Beliau kemudian mengulik seluk-beluk FBS secara lebih dalam lagi mencakup status prodi Bahasa Jawa. Ternyata prodi Pendidikan Bahasa Jawa menjadi salah satu prodi favorit sebab lowongan kerja jadi Guru Bahasa Jawa jumlahnya banyak tambah Bahasa Jawa adalah muatan lokal wajib di tiga provinsi, yakni DIY, Jawa Tengah dan Jawa Timur. Lalu tiba sesi pertanyaan. Inilah kesempatan emas bagi Rayla untuk menembakkan pertanyaan dari kepalanya. “Bu Narti, perkenalkan nama saya Rayla dari kelas 12 IPS. Terus terang saya punya minat belajar di jurusan Bahasa Jerman. Saya mau tanya, kenapa jurusan Pendidikan Bahasa Jerman juga Perancis enggak ada di setiap kampus.
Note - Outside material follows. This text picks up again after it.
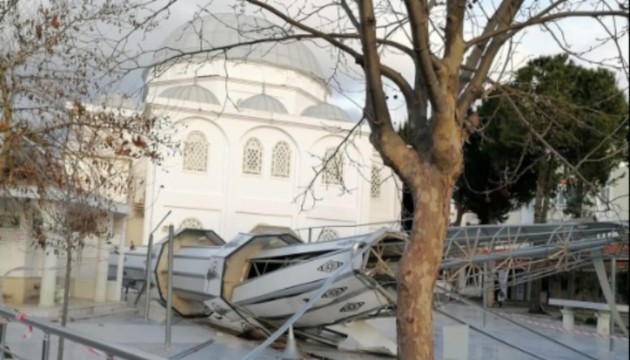 İzmir'de fırtına minareyi yıktı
Itu saja, terima kasih.” Rayla duduk lagi, Bu Narti memberi jawaban. “Ada atau tidaknya suatu jurusan itu bergantung kampus, apakah ada dosen/pengajar yang kompeten atau tidak serta untuk membuka jurusan baru harus didaftarkan ke dikti.” Kini Rayla mengerti.
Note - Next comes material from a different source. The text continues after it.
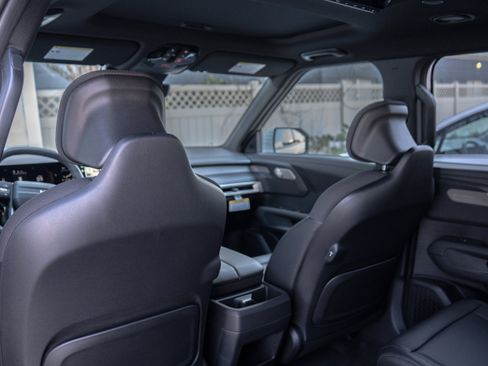 New 2027 Kia Telluride S image 50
Cara masuk UNY serta perbedaan kurikulum pendidikan-non pendidikan tak luput dari pembicaraan. Kurikulum jurusan pendidikan membimbing setiap mahasiswanya supaya siap jadi guru melalui mata kuliah psikologi, cara menghadapi siswa, penilaian hasil belajar, penyusunan silabus serta membuat media belajar. Tugas akhir bisa penelitian/pengembangan tindakan kelas ditambah dua bulan praktik mengajar.